昨日2冊の科学者の伝記を手に入れた。1冊は岩田義一さんの「偉大な数学者たち」(ちくま学芸文庫)でもう1冊は佐藤文隆さんの「異色と意外の科学者列伝」(岩波科学ライブラリー)である。
昨日ちらちらっと拾い読したのだが、思ったほどは面白くなさそうだ。特に「偉大な数学者たち」はアマゾンの書評がすばらしいとのことだったので期待していたが、それほどではないのではないかと思う。
もちろん、この書をよく読んでいないための評価であるから間違っている可能性は大きい。昨日は短い伝記を読んだので、長い伝記は後の楽しみに残してある。日曜の午後にでもコタツに入って楽しむつもりである。
この書は1950年の発行というからもう60年近くになるわけだが、どういうものか今まで読んだことがなかった。もっとも一番新しい数学者として取り上げられたのが、ガロアであるからup-to-dateというわけにはいかない。
しかし、科学者の生き方というのはやはりドラマに取り上げられることがある。演劇「コペンハーゲン」は見たことがないが、第2次大戦中のコペンハーゲンで繰り広げられたハイゼンベルクと彼の師のボーアとの会話を中心にしている。
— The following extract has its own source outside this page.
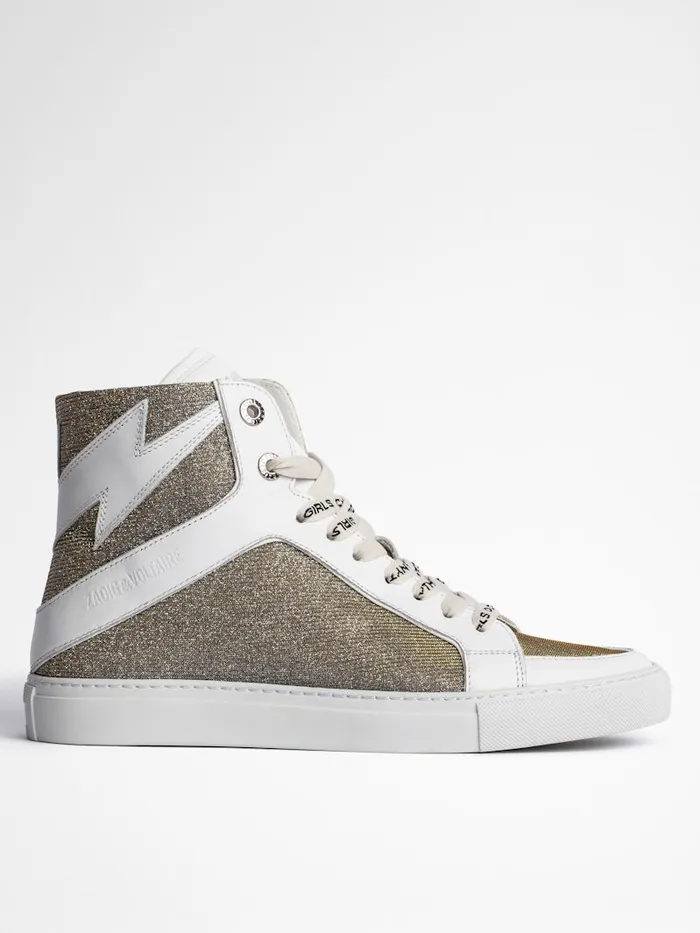 Women Zadig and Voltaire Sneakers ZV1747 High Flash Sneakers Silver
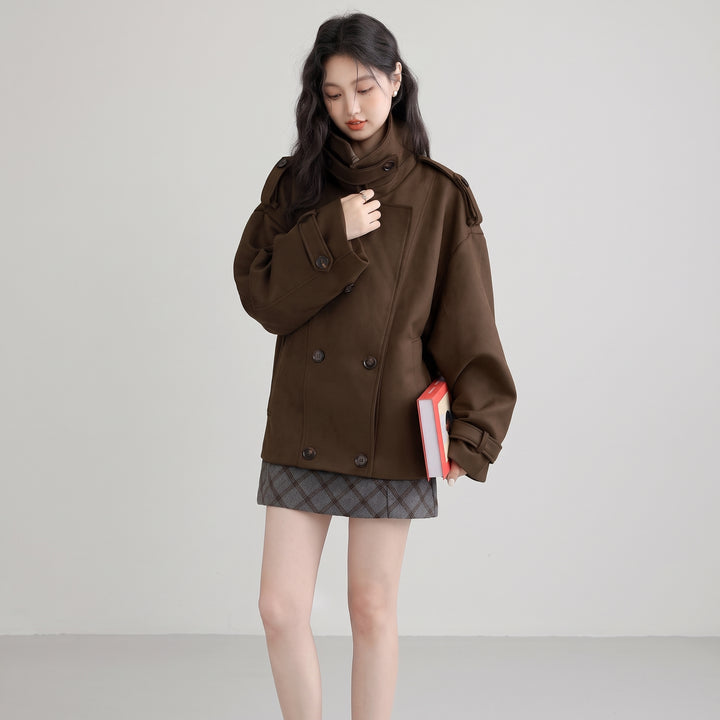 Women's Short Brown Peacoat, Double Breasted Oversized Epaulettes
単に師弟の旧交を温めるということにはならず、ナチスドイツが原爆を開発する意図をもっているかどうかがテーマであった。
ロベルト・ユンクの「千の太陽よりも明るく」では連合国とドイツの間でお互いに原爆の開発をしないように約束をとりたいためにハイゼンベルクはボーアのところへ話に行ったが、ボーアは戦時下では科学者は自分の祖国のために原爆の製造も許されると受け取った。
ナチス治世下の状況で自分の身の安全のためにハイゼンベルクがはっきりと原爆を開発しないと言明ができず、あいまいな言いまわしに終始したためにこの誤解は生じたといわれる。
そのためでもないだろうが、長い間ハイゼンベルクはアメリカの科学者やヨーロッパからアメリカへ亡命した科学者にナチスを擁護した科学者として悪い印象をもたれた。